Trying to save his blind mother Shenbagam by a transplant, Muthu discovers that his father Asogan is alive and has been waiting on death row. Arrested for murder and sentenced to death by hanging, on a forced testimony, he awaits his execution. Nevertheless, innocent of alleged acts, he had finally resigned himself of his fate, because nothing more connected him. His son, at the moment, makes it a duty to exonerate him by helping him to escape and to find one or several of the real culprits. Law enforcement is thrown on his heels, with an order to shoot him on sight.
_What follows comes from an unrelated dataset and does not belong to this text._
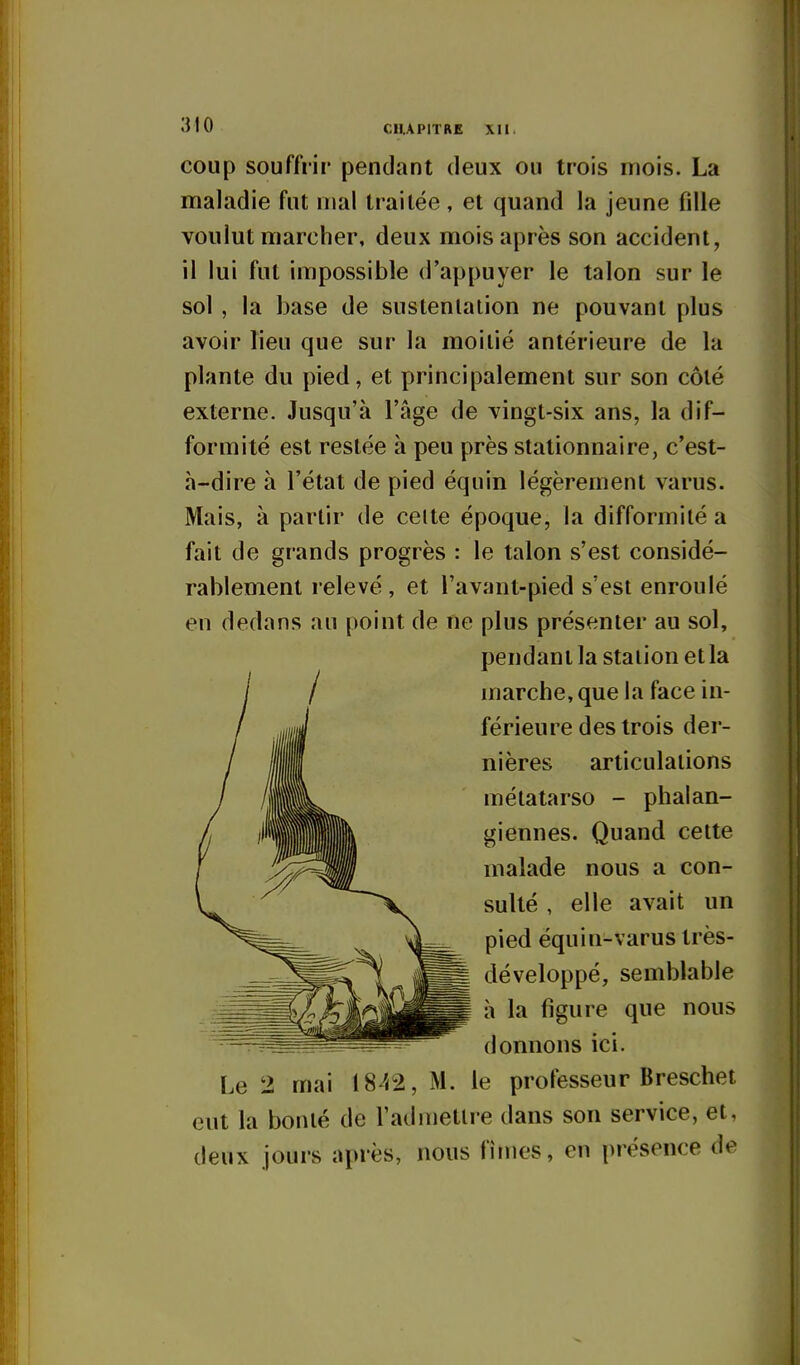 coup souffrir pendant deux ou trois mois. La maladie fut mal traitée, et quand la jeune fille voulut marcher, deux mois après son accident, il lui fut impossible d'appuyer le talon sur le sol , la base de sustentation ne pouvant plus avoir lieu que sur la moitié antérieure de la plante du pied, et principalement sur son côté externe. Jusqu'à l'âge de vingt-six ans, la dif- formité est restée à peu près stationnaire, c'est- à-dire à l'état de pied équin légèrement varus. Mais, à partir de celte époque, la difformité a fait de grands progrès : le talon s'est considé- rablement relevé, et l'avant-pied s'est enroulé en dedans au point de ne plus présenter au sol, pendant la station et la marche, que la face in- férieure des trois der- nières articulations métatarso - phalan- giennes. Quand cette malade nous a con- sulté , elle avait un pied équin-varustrès- développé, semblable à la figure que nous donnons ici. Le 2 mai 1842, M. le professeur Breschet eut la bonté de l'admettre dans son service, et, deux jours après, nous fîmes, en présence de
But nobody can stop the determination of the young man, not even his beloved Uma, a police officer.

== Soundtrack ==
Soundtrack was composed by Shankar–Ganesh.

Track listing
| No. | Title | Lyrics | Singer(s) | Length |
|---|---|---|---|---|
| 1. | "Chinna Pillai" | Vaali | S. P. Balasubrahmanyam |  |
| 2. | "Chinna Vennila" | Vaali | S. P. Balasubrahmanyam |  |
| 3. | "Paattu Oru Paattu" | Piraisoodan | S. P. Balasubrahmanyam |  |
| 4. | "Chinna Kutty Meena" | Vaali | Malaysia Vasudevan, S. P. Sailaja |  |
| 5. | "Kaalai Paartha" | Vaali | S. P. Balasubrahmanyam, K. S. Chithra |  |
| 6. | "Kelamma Unathi Vithai" | Piraisoodan | S. P. Balasubrahmanyam |  |

== Release and reception ==
Nalla Kaalam Porandaachu was released on 14 January 1990 alongside another Prabhu starrer Kavalukku Kettikaran. P. S. S. of Kalki found the film to be watchable despite logical mistakes and artificial sets, and praised the film's title for its positivity.